Maria Rosário - Exatamente. Essa era a denominação mediante a qual eles eram reconhecidos regionalmente. E quando eles começam a ressurgir? Na década de 70. A década de 70 foi importante em termos sócio-econômicos e políticos. Vou dar um exemplo: é a década em que a construção de rodovias no Nordeste começa a ocorrer com muita força, impulsionando a economia regional, para o que muito havia concorrido a implantação da Hidrelétrica do São Francisco. Certos marcos econômicos muito importantes que, efetivamente, criaram as condições para que houvesse a ampliação dos canais de comunicação, e, conseqüentemente, a possibilidade de alargamento da comunicação entre os índios, que até então era restrita.
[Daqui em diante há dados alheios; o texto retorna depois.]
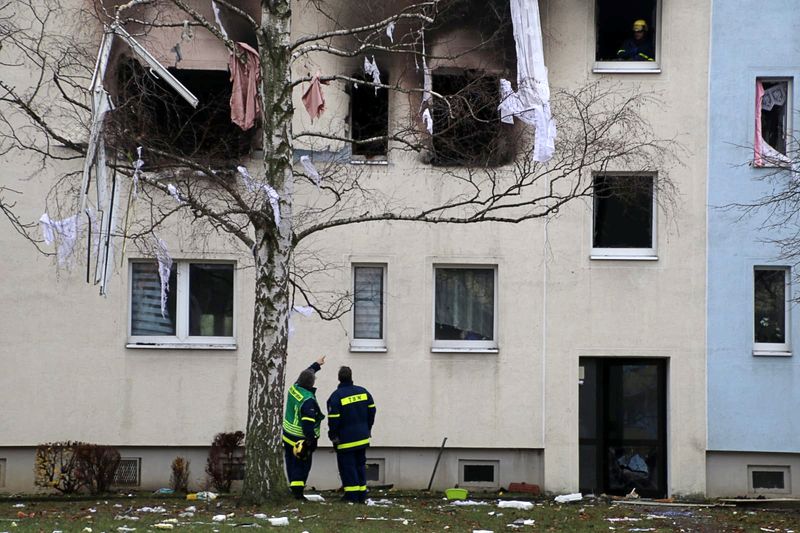 شرطة ألمانيا: العثور على ذخيرة وعبوات غاز في مبنى سكني شهد انفجارا
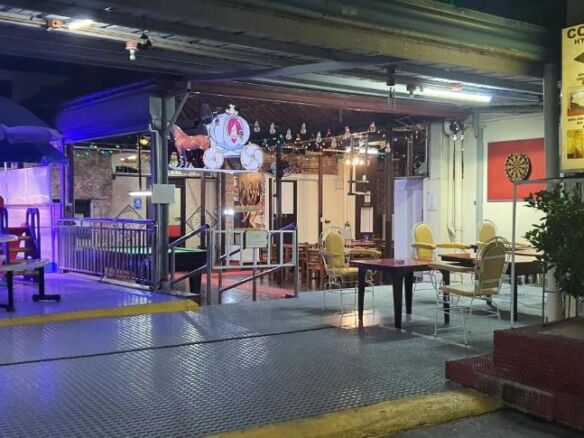 Spacious resort hotel with outdoor dining and entertainment areas in Cavite. Perfect for family vaca.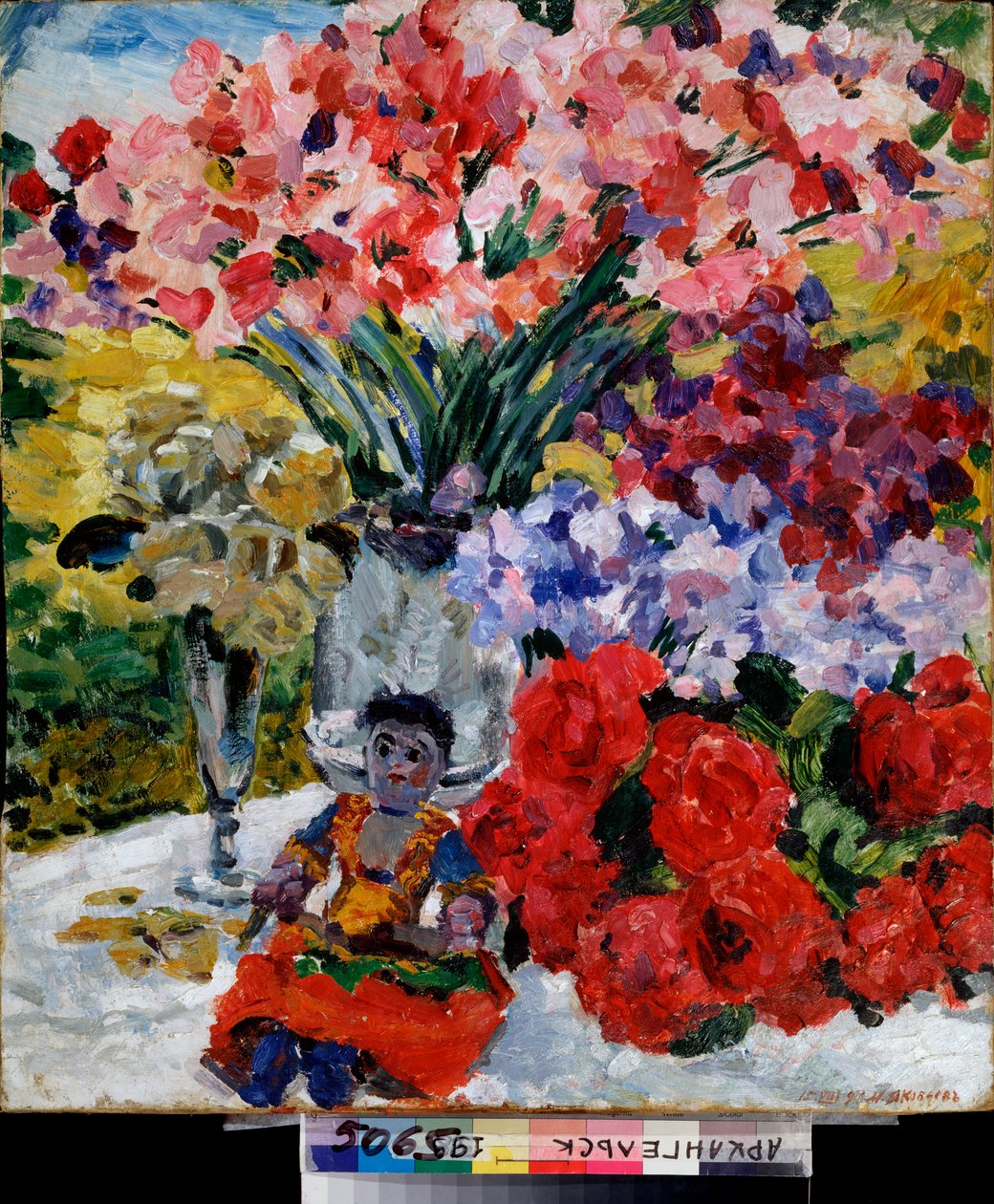 Blomster og en dukke - Maleri af Mikhail Nikolayevich Yakovlev (1880-1942), olie på lærred af Mikhail Nikolayevich Yakovlev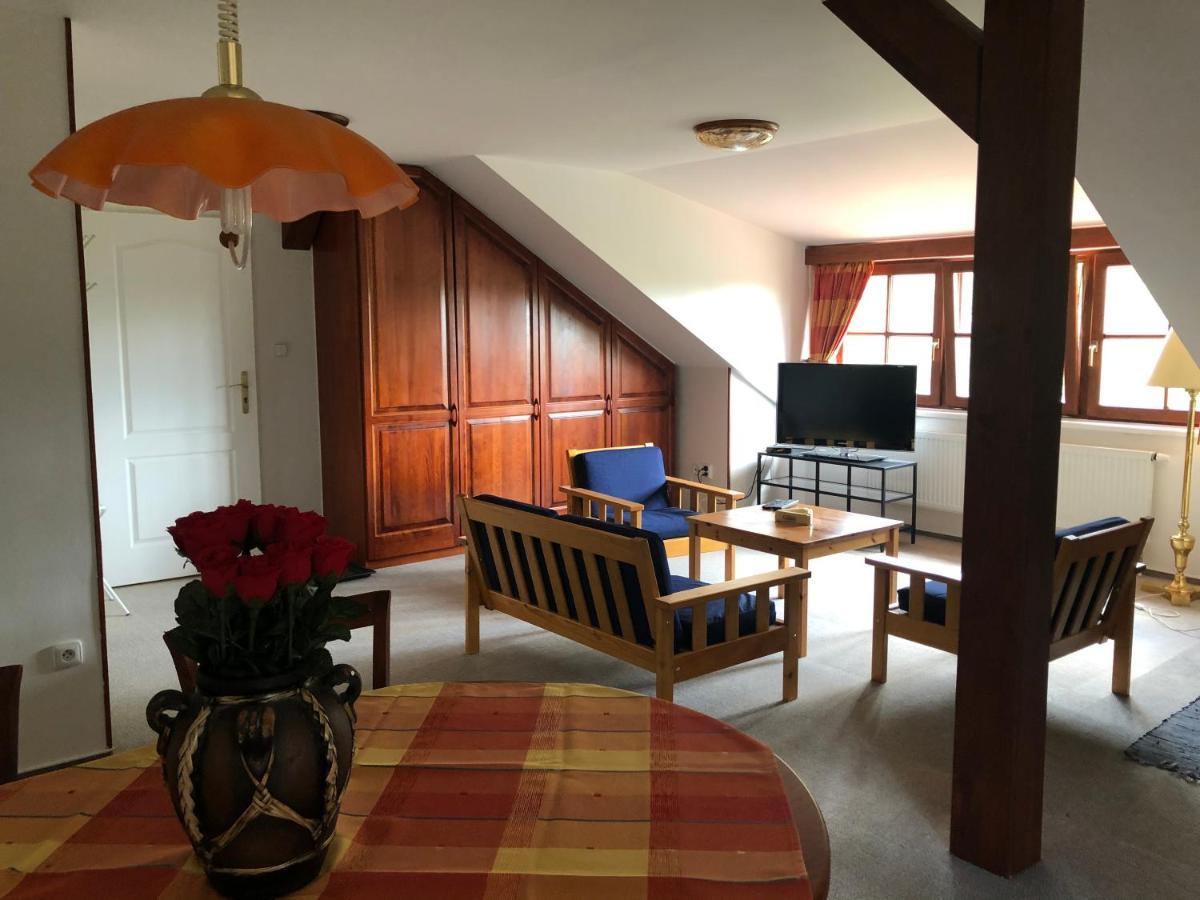 Mala Svata Hora - Penzion & Restaurace Mníšek pod Brdy Extérieur photo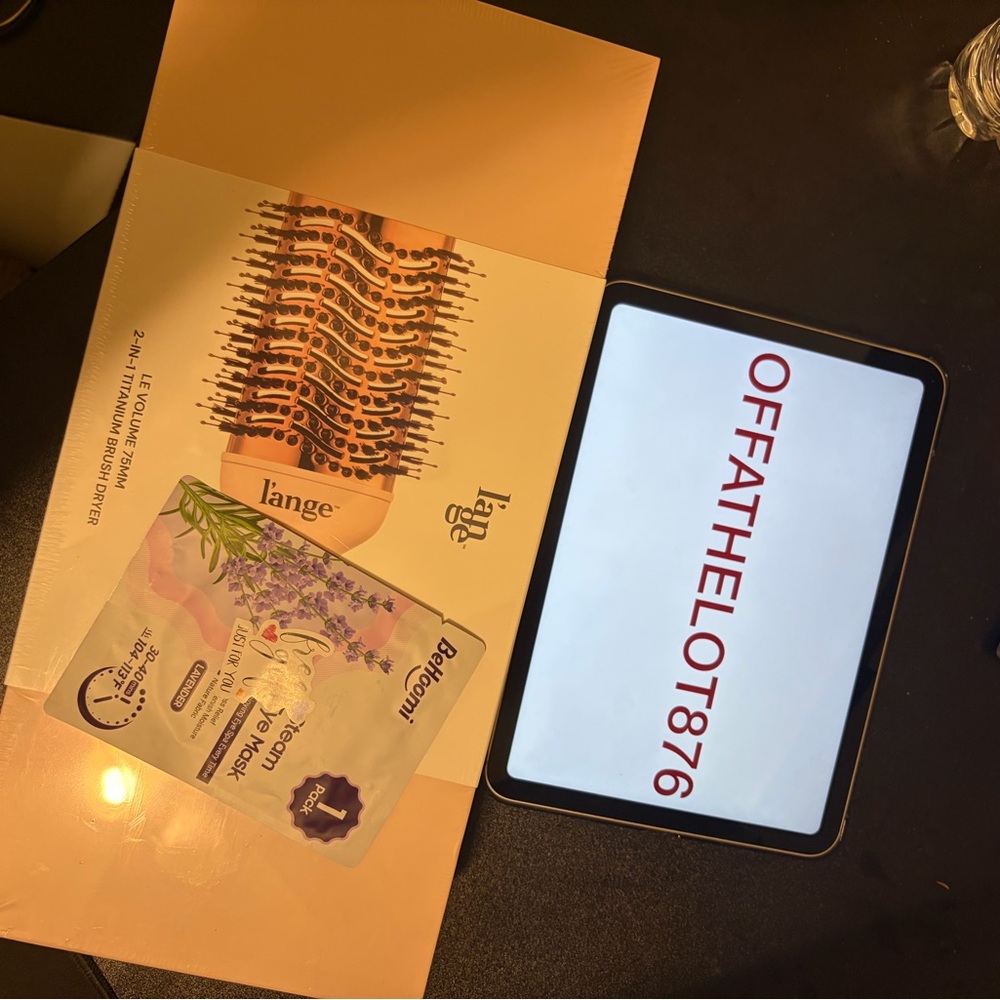 L'ange Hair Brush w/ free face mask - Picture 3 of 3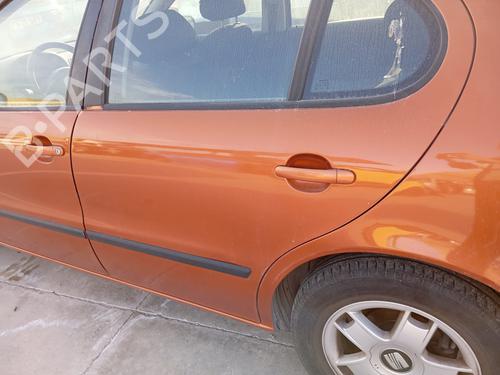 Venstre bak lås SEAT LEON (1M1) 1.6 16 V (105 hp) 21502361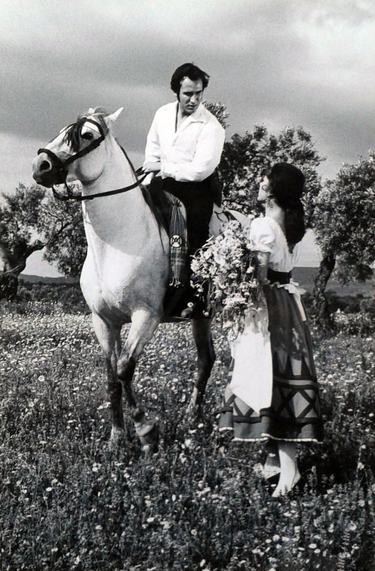 Escena de la película «Los guerilleros» en la que Rocío Jurado aparece junto a Manolo Escobar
Ao lado disso, outras iniciativas ocorreram no âmbito da sociedade civil. Por exemplo, o Conselho Indigenista Missionário. Ele é criado também nessa década. Há um conjunto de mudanças; é um período de mudanças: econômicas, sociais e políticas que, de fato, vão reduzir as distâncias, facilitando, portanto, a interação. Nesse processo, o CIMI tem um papel importantíssimo, porque o CIMI vai ser o grande viabilizador dessa ressurgência, na medida em que detém as condições para realizar um trabalho de base, visitando essas áreas, registrando a presença dessas populações, auscultando as suas intenções e reunindo-as em assembléias. Essas assembléias vão ter um papel fundamental. Por exemplo, quando eu fui fazer o trabalho de campo entre os Pataxó, eu ouvi de uma extraordinária liderança. - com toda a autenticidade que ela detinha: - "Mas, Rosário, eu a vida toda queria ver um índio, não sabendo eu que era uma índia!". Os Pataxó estavam isoladíssimos. Por quê? Porque a área onde seria intalado o Parque funcionou como uma espécie de barreira. Para chegar lá era necessário enfrentar muitos obstáculos. Eles viviam numa espécie de sistema muito fechado. A partir de certo momento, a situação se inverte e tem início, com certa intensidade, a pressão da população regional. Na verdade, eles se comunicavam mais regularmente com os dois povoados do entorno: Caraíva e Corumbau. Caraíva é um povoado com uma tradicional população indígena. Foi um antigo assentamento indígena. Corumbau também tem forte presença indígena.
Em 1970, os índios, no Nordeste, começam a reivindicar a identidade indígena. Talvez um dos primeiros grupos a reivindicar a identidade indígena, ou melhor, a requerer do Estado o reconhecimento da sua identidade e a concessão dos direitos daí decorrentes, tenha sido o dos Fulni-ô, em [Pernambuco]. A seguir, os Kiriri [Bahia]. Um padre, o monsenhor Galvão, estabelecido em Cícero Dantas, tomou conhecimento da presença dos Kiriri. Ele era um sujeito com certa veleidade intelectual... Aliás, em todo esse contexto etnográfico do Nordeste, os folcloristas, os intelectuais regionais tiveram um papel importantíssimo, na medida em que sempre registraram a presença das populações indígenas. Parte significativa da bibliografia de caráter etnológico que os antropólogos, no Nordeste, consultam preliminarmente e que, efetivamente, atesta a presença indígena, é produzida por etnólogos autodidatas. Os chamados intelectuais locais. Eles fizeram registros de muito boa qualidade, muito bons registros que acusavam a presença desses grupos. Então, a partir da década de 70 começa o processo que a literatura etnológica denomina de ressurgência étnica. Eles ressurgem em toda parte. Eles próprios dizem, em um dos toantes do ritual do toré - ritual muito característico desses povos do Nordeste: - "Estava lá na mata abaixadinho, por que me tirou?" Por que eles perguntam isso? Isso parece demonstrar a sua perplexidade. Eles estavam "escondidinhos", estavam ocultados; depois, essas mudanças ensejam o desocultamento, mas não obstante as mudanças, eles constatam que continuam sendo alvo de discriminação, continuam tendo dificuldade de relacionamento com o próprio Estado Brasileiro. Mas estão aí na luta. Então, começa uma espécie de boom. Era muito curioso. Perguntavam para a gente: - "Quantos povos indígenas há no Nordeste?" A gente dizia: - "Olha, até ontem eram tantos". Ninguém sabia ao certo; era uma espécie de movimento crescente de ressurgência...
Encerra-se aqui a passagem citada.